Action item: In the entries below, find the line with "A room with" and the line with "Moody editorial portrait". Repeat exactly everything between them, those two lines included, but not the pictures.

————

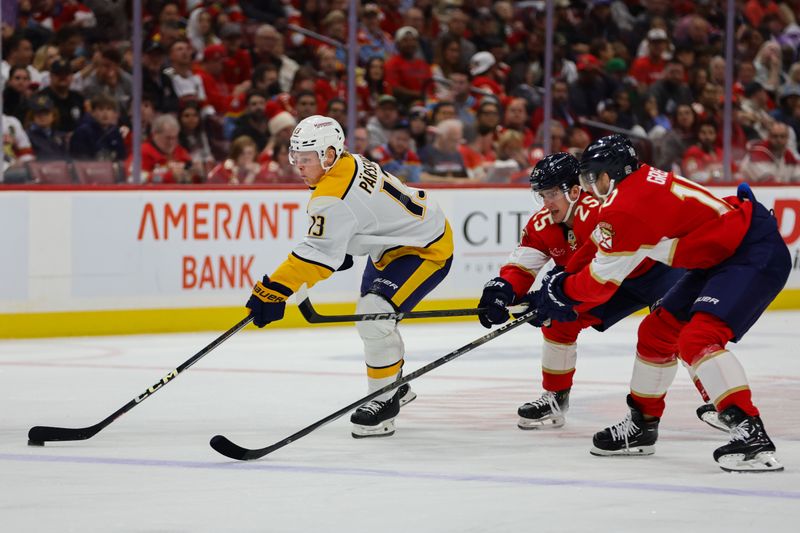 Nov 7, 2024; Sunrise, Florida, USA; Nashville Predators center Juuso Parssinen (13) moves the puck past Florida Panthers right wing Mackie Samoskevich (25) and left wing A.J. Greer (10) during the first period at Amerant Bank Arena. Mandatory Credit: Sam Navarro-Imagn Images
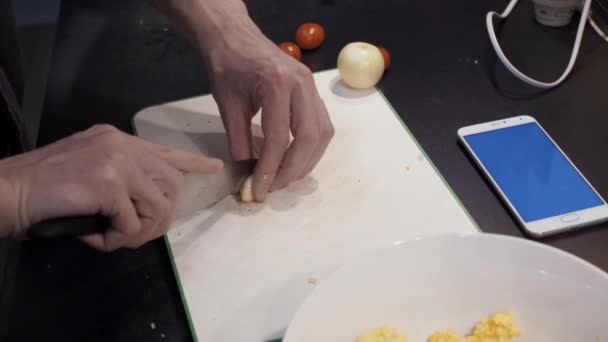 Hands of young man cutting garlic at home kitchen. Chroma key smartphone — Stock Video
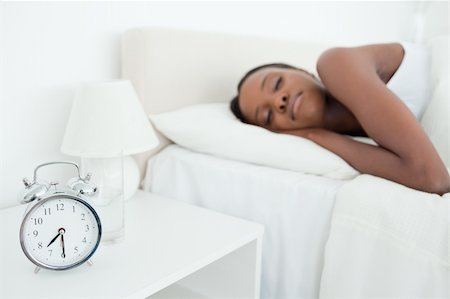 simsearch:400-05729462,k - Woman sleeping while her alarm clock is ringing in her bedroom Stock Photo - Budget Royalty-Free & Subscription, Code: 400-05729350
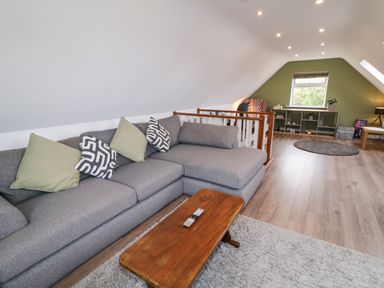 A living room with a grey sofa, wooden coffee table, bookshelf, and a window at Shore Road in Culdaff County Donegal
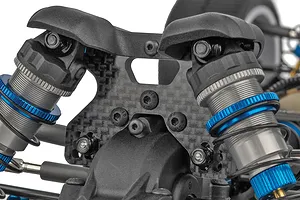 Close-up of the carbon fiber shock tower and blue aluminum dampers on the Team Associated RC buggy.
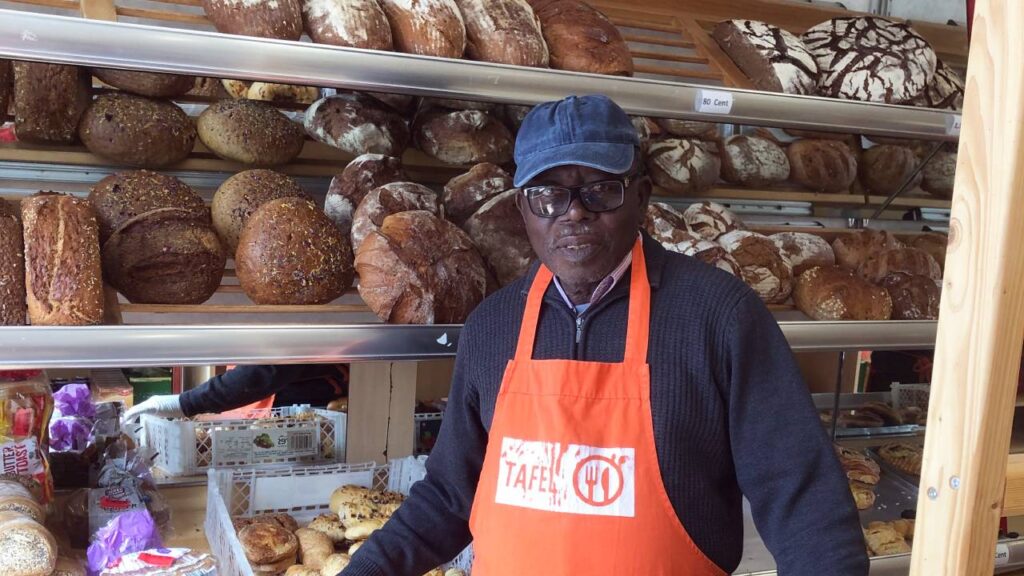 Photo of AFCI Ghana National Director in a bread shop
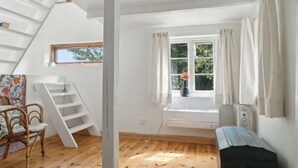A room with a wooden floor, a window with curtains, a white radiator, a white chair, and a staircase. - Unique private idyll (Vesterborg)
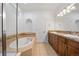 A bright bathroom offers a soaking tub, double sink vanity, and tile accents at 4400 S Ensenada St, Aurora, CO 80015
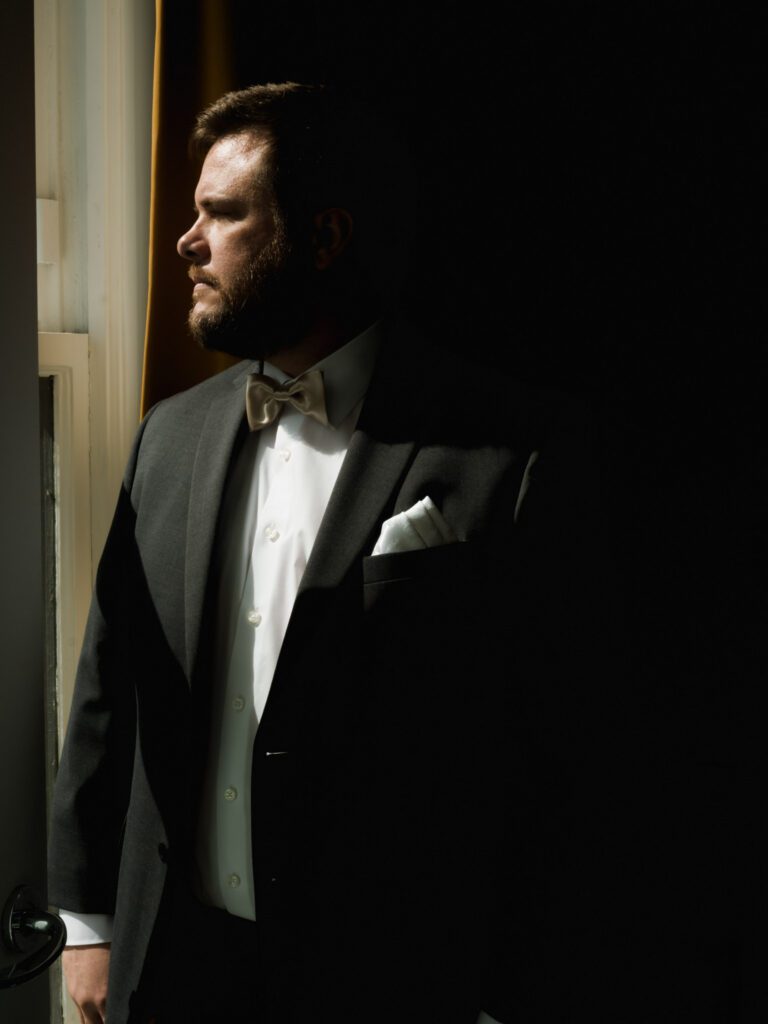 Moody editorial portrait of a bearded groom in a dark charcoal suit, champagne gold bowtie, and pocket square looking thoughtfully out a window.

————

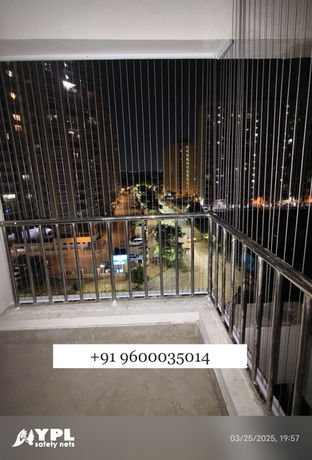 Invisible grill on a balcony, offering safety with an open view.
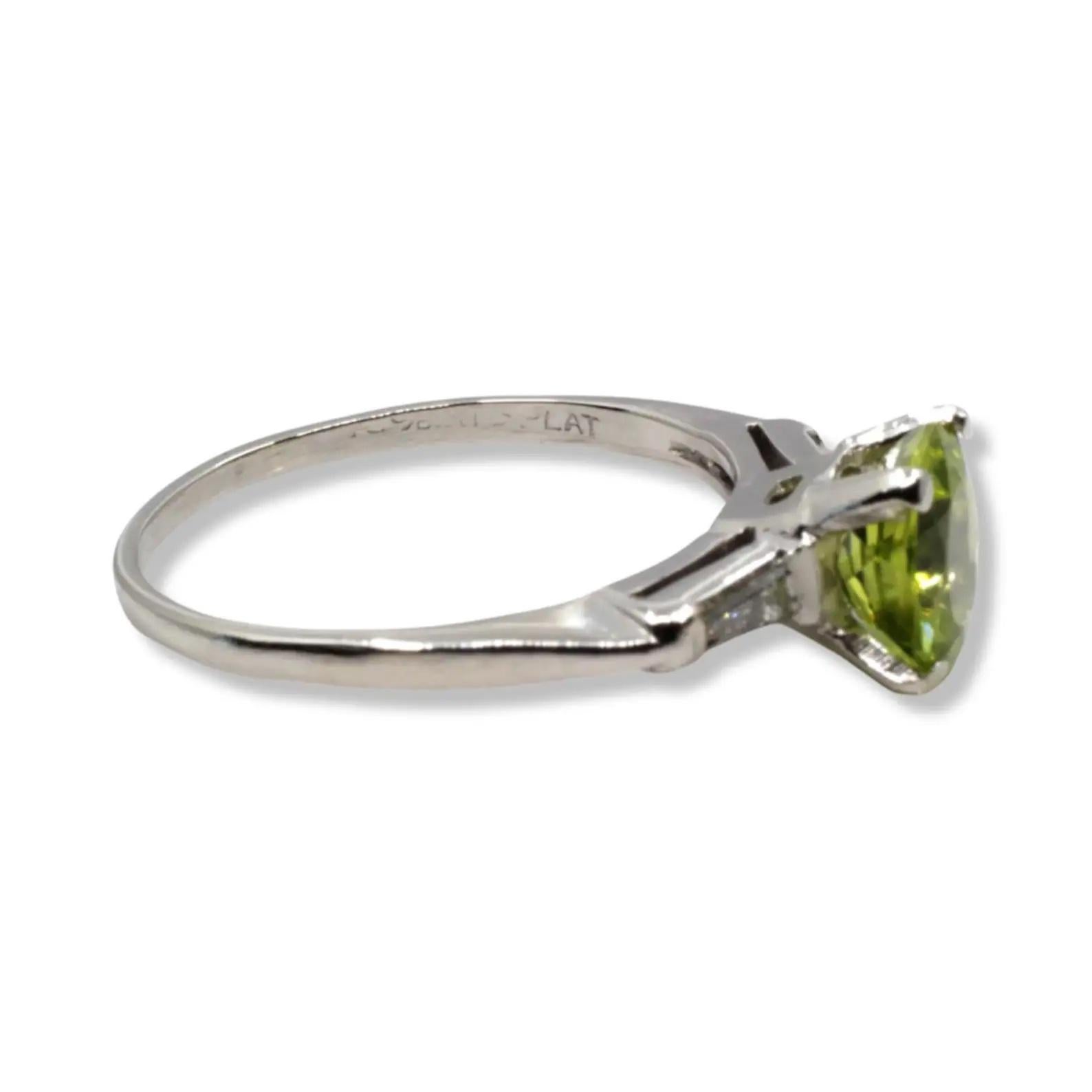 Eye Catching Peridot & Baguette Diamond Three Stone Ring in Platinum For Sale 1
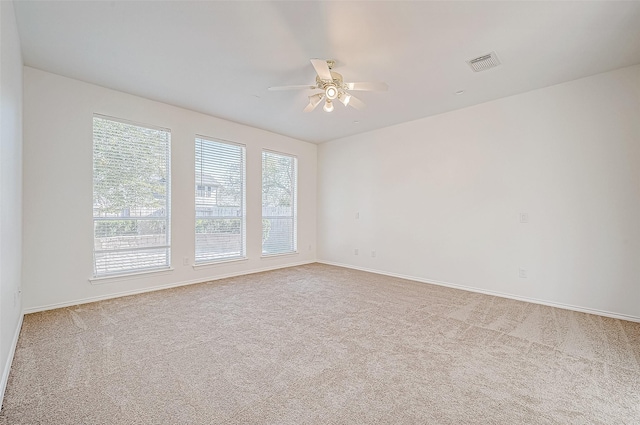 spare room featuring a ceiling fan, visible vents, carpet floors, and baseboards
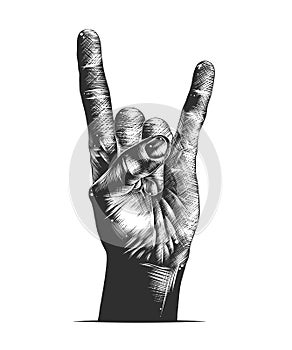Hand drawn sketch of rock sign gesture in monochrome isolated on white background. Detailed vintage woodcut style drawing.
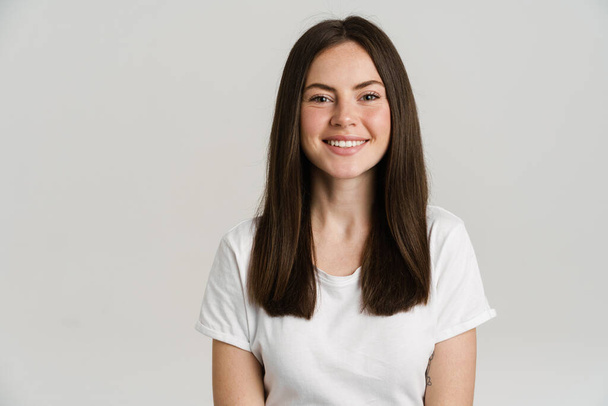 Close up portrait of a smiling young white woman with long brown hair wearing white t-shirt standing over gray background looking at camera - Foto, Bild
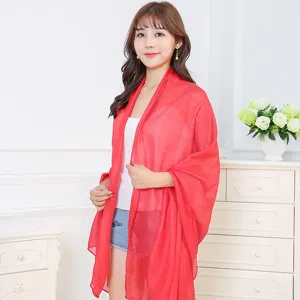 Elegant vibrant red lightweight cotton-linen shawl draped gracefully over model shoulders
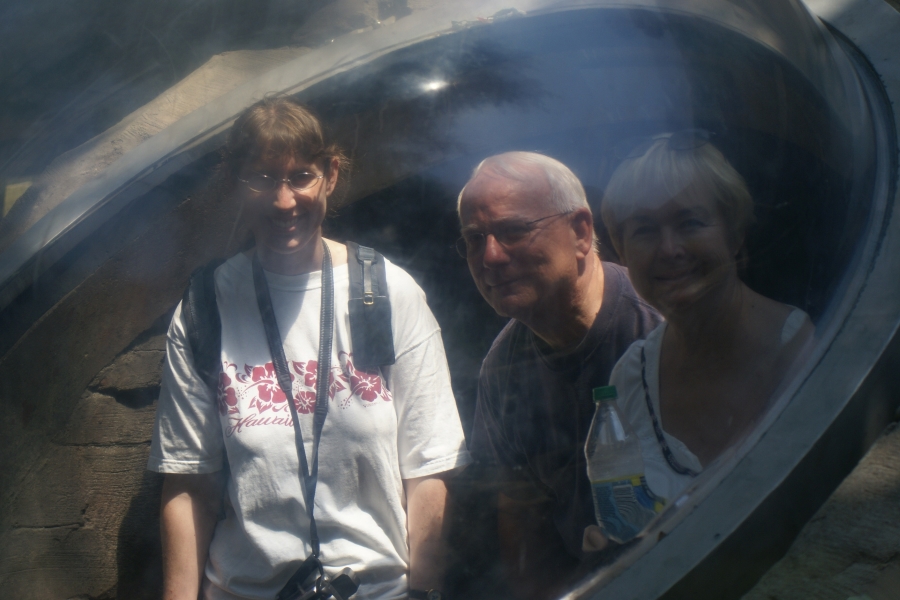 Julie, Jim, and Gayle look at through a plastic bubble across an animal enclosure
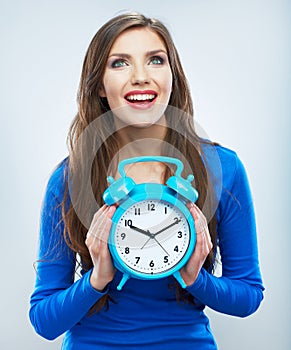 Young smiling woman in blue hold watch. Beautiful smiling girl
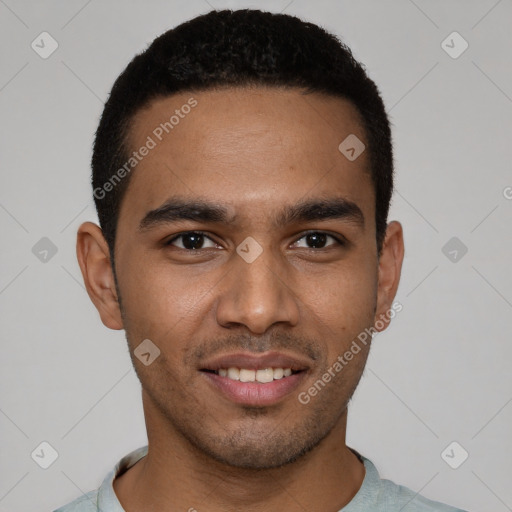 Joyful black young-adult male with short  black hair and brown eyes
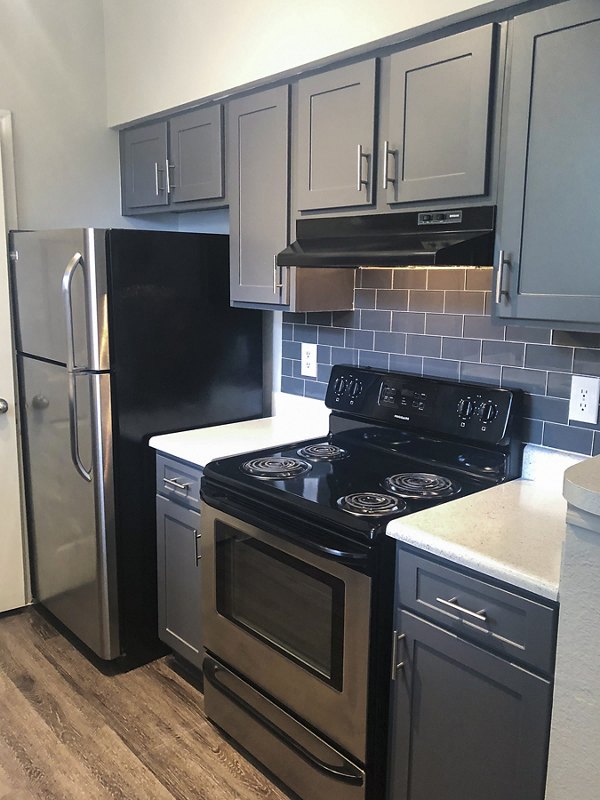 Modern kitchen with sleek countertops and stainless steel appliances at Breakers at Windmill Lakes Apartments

————

Answer section:
A room with a wooden floor, a window with curtains, a white radiator, a white chair, and a staircase. - Unique private idyll (Vesterborg)
 A bright bathroom offers a soaking tub, double sink vanity, and tile accents at 4400 S Ensenada St, Aurora, CO 80015
 Moody editorial portrait of a bearded groom in a dark charcoal suit, champagne gold bowtie, and pocket square looking thoughtfully out a window.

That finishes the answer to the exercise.